Nine events are seeking funds totalling £396,000.

Among them are the NW200, Stendhal, NI Supercup, both Ballymoney and Limavady's agricultural shows, and Portrush's Pipe Band Tournament.

Though the hand-outs were approved at committee and full council level, call-ins have been lodged by Sinn Féin and a second group that includes independents, Alliance and SDLP members.

Sinn Féin suggested an absence of legal advice hampered 'informed decision making.'

The party said it needed clarification on whether the council was creating a 'quasi-partnership' or 'quasi-relationship' with two limited companies benefiting from the scheme.

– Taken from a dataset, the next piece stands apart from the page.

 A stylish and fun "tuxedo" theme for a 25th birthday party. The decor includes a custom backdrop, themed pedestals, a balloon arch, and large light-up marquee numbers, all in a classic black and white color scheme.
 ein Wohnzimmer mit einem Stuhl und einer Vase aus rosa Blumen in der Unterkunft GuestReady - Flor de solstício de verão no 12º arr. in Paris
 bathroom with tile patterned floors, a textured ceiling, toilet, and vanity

The second challenge was submitted in the interests of 'fully informed decision making' and to allow the council 'to follow the rules on public expenditure and 'avoid legal proceedings.'

In his letter to councillors, Stendhal's Ross Parkhill suggested the urgency of the matter required a special meeting by mid-June at the very latest.

He wrote: “Via Zoom I imagine a special meeting could be done quite quickly and allow ourselves and the other great events in the region the opportunity to put our best foot forward in rebuilding our respective events/organisations following this horrible time.

“That's the leadership we need right now. We can't simply wait and see if it materialises on June 29."